Department officials advised Minister Savage that, since the Coal Policy wasn’t established through legislation, “it can be rescinded unilaterally by Alberta Energy at any time.” Defenders of the Coal Policy and the Eastern Slopes will argue in court that the government is mistaken; the government can’t unilaterally rescind a policy when that policy’s land use categories are integral to actions taken under the Alberta Land Stewardship Act.
Both ALSA’s South Saskatchewan Regional Plan (SSRP) and one of its sub-regional plans use land use categories outlined in the Coal Policy. Like the SSRP, the Livingstone-Porcupine Hills Land Footprint Management Plan promised to integrate a review of the Coal Policy into its evolution. That review promised to integrate more than just a coal miner’s imperative; it promised balance with environmental values.

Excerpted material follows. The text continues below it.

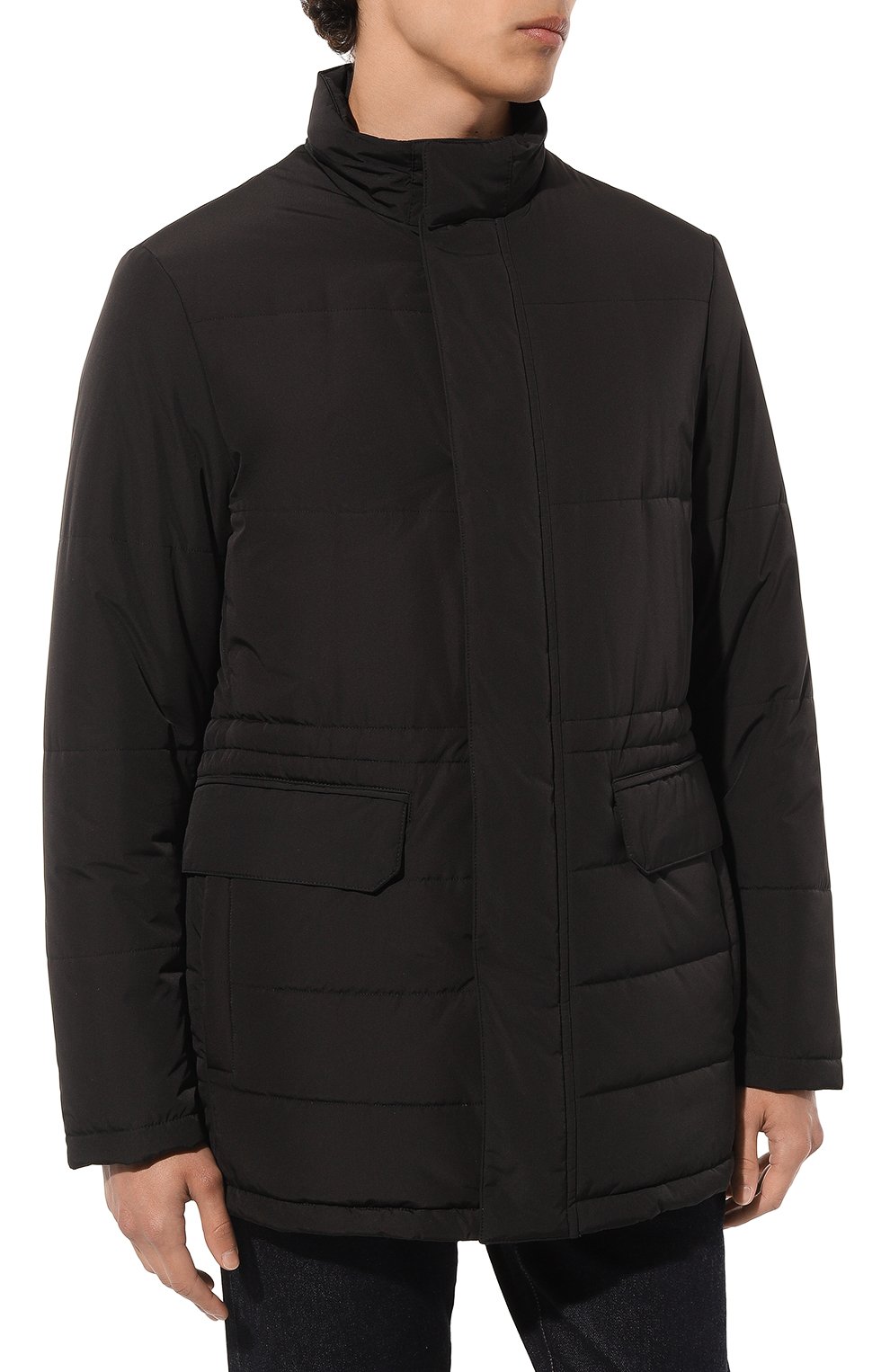 Мужская утепленная куртка CANALI черного цвета, арт. 020363/SG02321 | Фото 3 (Кросс-КТ: Куртка; Рукава: Длинные; Длина (верхняя одежда): До середины бедра; Материал внешний: Синтетический материал; Мужское Кросс-КТ: утепленные куртки; Материал сплава: Проставлено; Драгоценные камни: Проставлено; Материал подклада: Купро; Стили: Кэжуэл)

It said: “It will specify where surface exploration and development can and cannot occur based on the best and most recent biodiversity sensitivity data.” (my emphasis) The government discarded this commitment when it revoked the Coal Policy.
And then there is the failure to consult. The judicial challenge also asserts that the government breached legitimate expectations of consultation. AWA played an instrumental role in formulating the Coal Policy. AWA Board Member Emeritus Vivian Pharis, in her affidavit, describes how one government after another since 1976 consulted with AWA over the future of the Coal Policy.
“In unilaterally revoking the 1976 Coal Policy,” Pharis said, “Minister Savage abandoned the consultation commitments that previous governments of all political stripes had honoured.”
In Bar C Ranch and Cattle Company Ltd. v. Red Rock Sawmills Ltd. (2004), AWA Director Clint Docken, Q.C., argued successfully that Alberta Sustainable Resource Development failed to satisfy the Ranch’s legitimate expectations of consultation. Justice LoVecchio ruled the department was required to “give those who are affected a chance to have direct input particularly when you specifically said you would.”
The Alberta Land Stewardship Act, the South Saskatchewan Regional Plan, the Livingstone-Porcupine Hills Land Footprint Management Plan all commit to seek direct input from those affected by a change to the Coal Policy. In the case of the Coal Policy, the government only sought input from coal companies and their lobbyist, the Coal Association of Canada. Despite the irreparable harm open-pit coal mining will do to alternate, valued, land uses along Alberta’s Eastern Slopes, those negatively affected by the government’s decision were never consulted.
In January, the Alberta Court of Queen’s Bench will hear additional arguments in this case.